(Web page caption snippets)
════
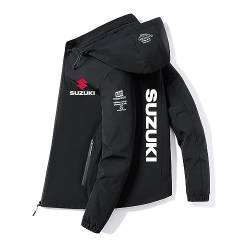 FURLOU Leichte Jacke für Herren Su-zu_ki Bedruckt Strickjacke mit Kapuze, lässiger Stil, Frühling und Herbst, Strickjacke, Damenjacken Herren/A/L von FURLOU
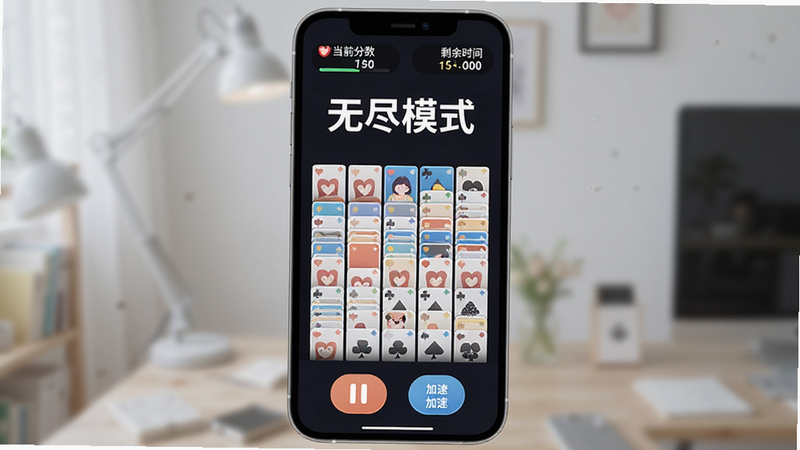 手机屏幕展示‘相约成对’无尽模式界面,顶部显示当前分数与剩余时间,中间为密集排列的卡片堆,底部为暂停与加速按钮,布局纵向排列,风格现代简约,细节精致,画质清晰,干净无干扰,文字‘无尽模式’醒目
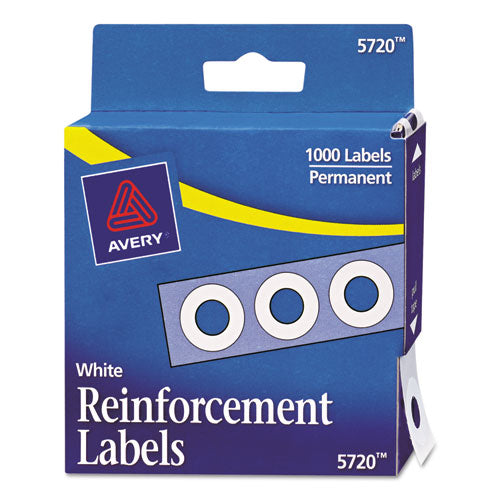 Avery - Hole Reinforcements, 1/4-inch Diameter, White, 1000/Pack, Sold as 1 PK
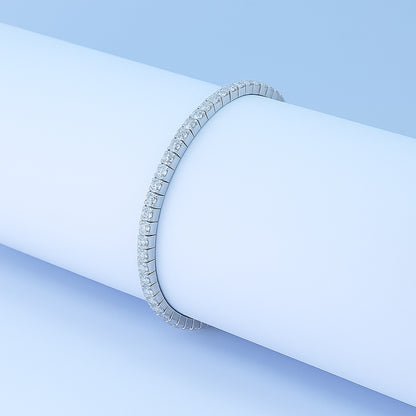 Silver Tennis Bangle with Brilliant Diamonds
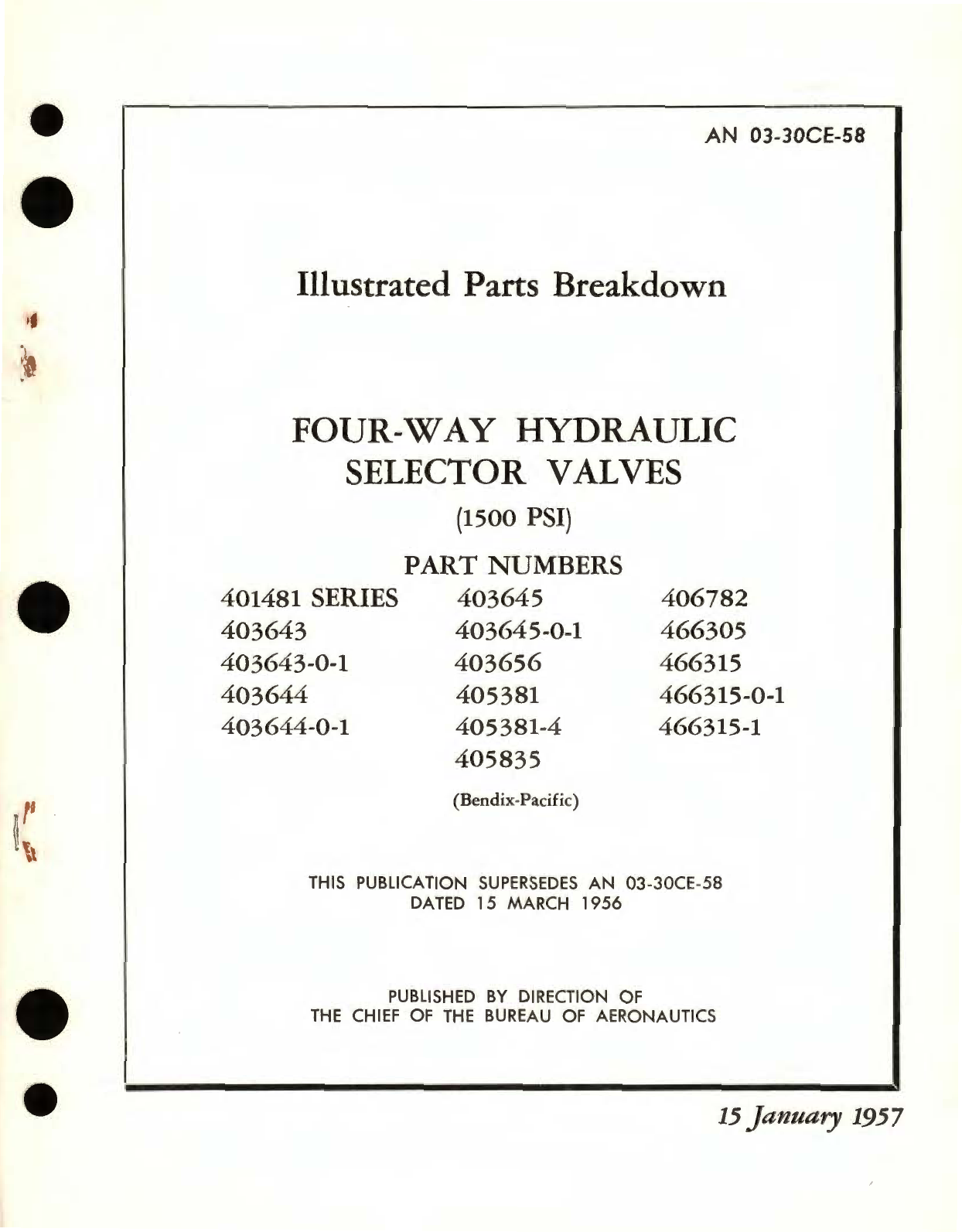 Sample page 1 from AirCorps Library document: Ilst Parts Bkdn for Four-Way Hydraulic Selector Valves (1500 PSI) Part No. 401481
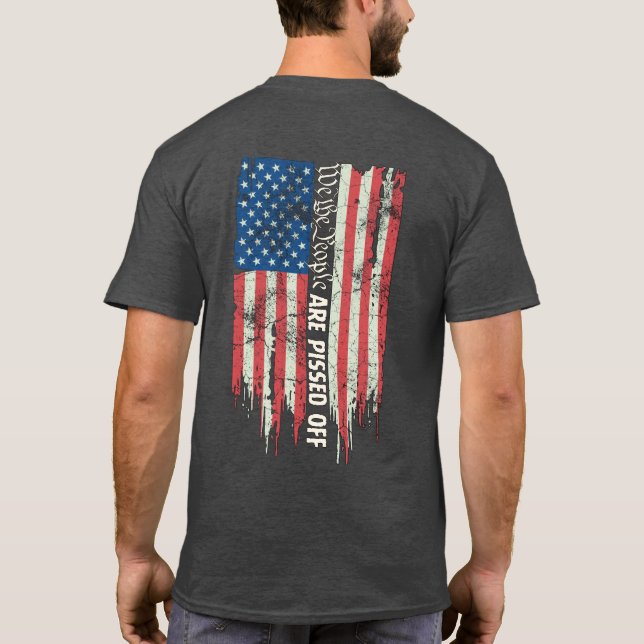 Men's Distressed American Flag We the People T-Shirt (Back)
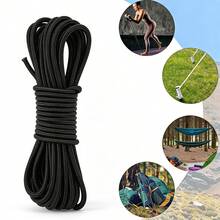 HSDOUBLE 3毫米 x 10米弹力绳，缝纫绳，圆形弹力绳，实心弹力绳，捆绑绳，适用于帐篷、背包、帽子等。 - Black - 查看 1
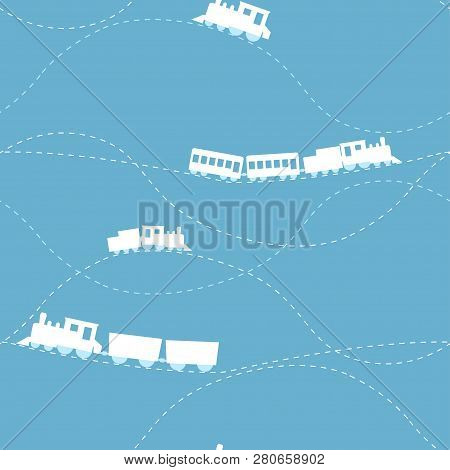 Seamless Flat Cartoon Vector Pattern With Retro Locomotive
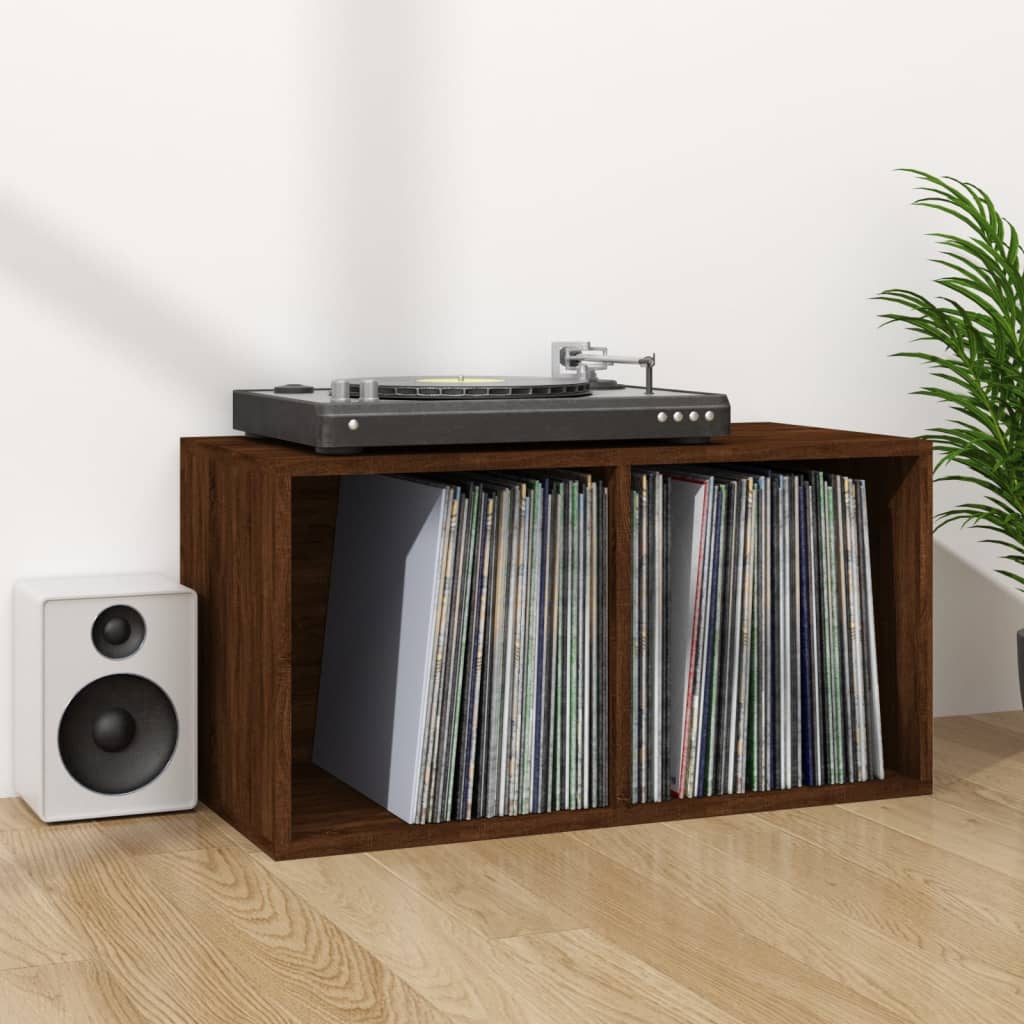Berkfield Vinyl Storage Box Brown Oak 71x34x36 cm Engineered Wood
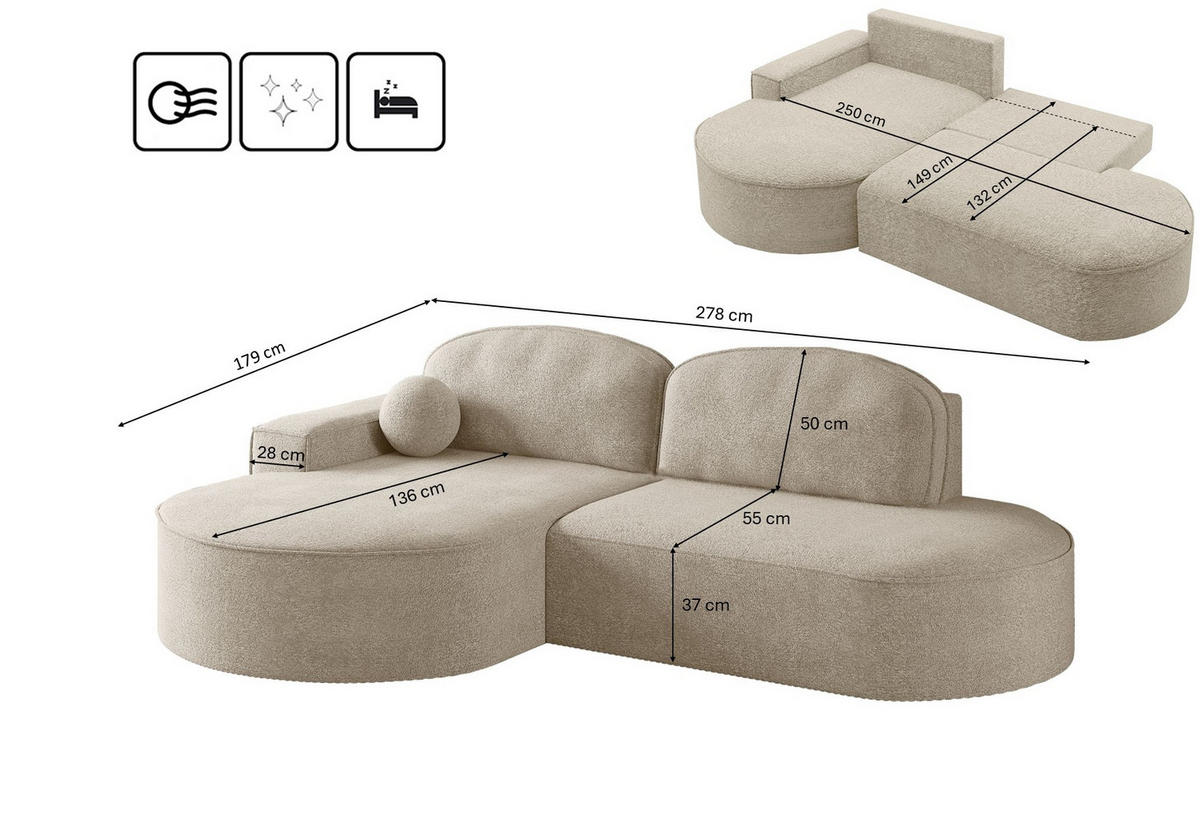 ECKSOFA mit Schlaffunktion und Bettkasten Modena Runden stoff Arena Beige Links - Beige, Holz (179/278cm) - Kaiser Möbel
════
TRY IT: Every entry above needs to be duplicated exactly, without its images.

EXERCISE ANSWER:
 FURLOU Leichte Jacke für Herren Su-zu_ki Bedruckt Strickjacke mit Kapuze, lässiger Stil, Frühling und Herbst, Strickjacke, Damenjacken Herren/A/L von FURLOU
 手机屏幕展示‘相约成对’无尽模式界面,顶部显示当前分数与剩余时间,中间为密集排列的卡片堆,底部为暂停与加速按钮,布局纵向排列,风格现代简约,细节精致,画质清晰,干净无干扰,文字‘无尽模式’醒目
 Avery - Hole Reinforcements, 1/4-inch Diameter, White, 1000/Pack, Sold as 1 PK
 Silver Tennis Bangle with Brilliant Diamonds
 Sample page 1 from AirCorps Library document: Ilst Parts Bkdn for Four-Way Hydraulic Selector Valves (1500 PSI) Part No. 401481
 Men's Distressed American Flag We the People T-Shirt (Back)
 HSDOUBLE 3毫米 x 10米弹力绳，缝纫绳，圆形弹力绳，实心弹力绳，捆绑绳，适用于帐篷、背包、帽子等。 - Black - 查看 1
 Seamless Flat Cartoon Vector Pattern With Retro Locomotive
Berkfield Vinyl Storage Box Brown Oak 71x34x36 cm Engineered Wood
 ECKSOFA mit Schlaffunktion und Bettkasten Modena Runden stoff Arena Beige Links - Beige, Holz (179/278cm) - Kaiser Möbel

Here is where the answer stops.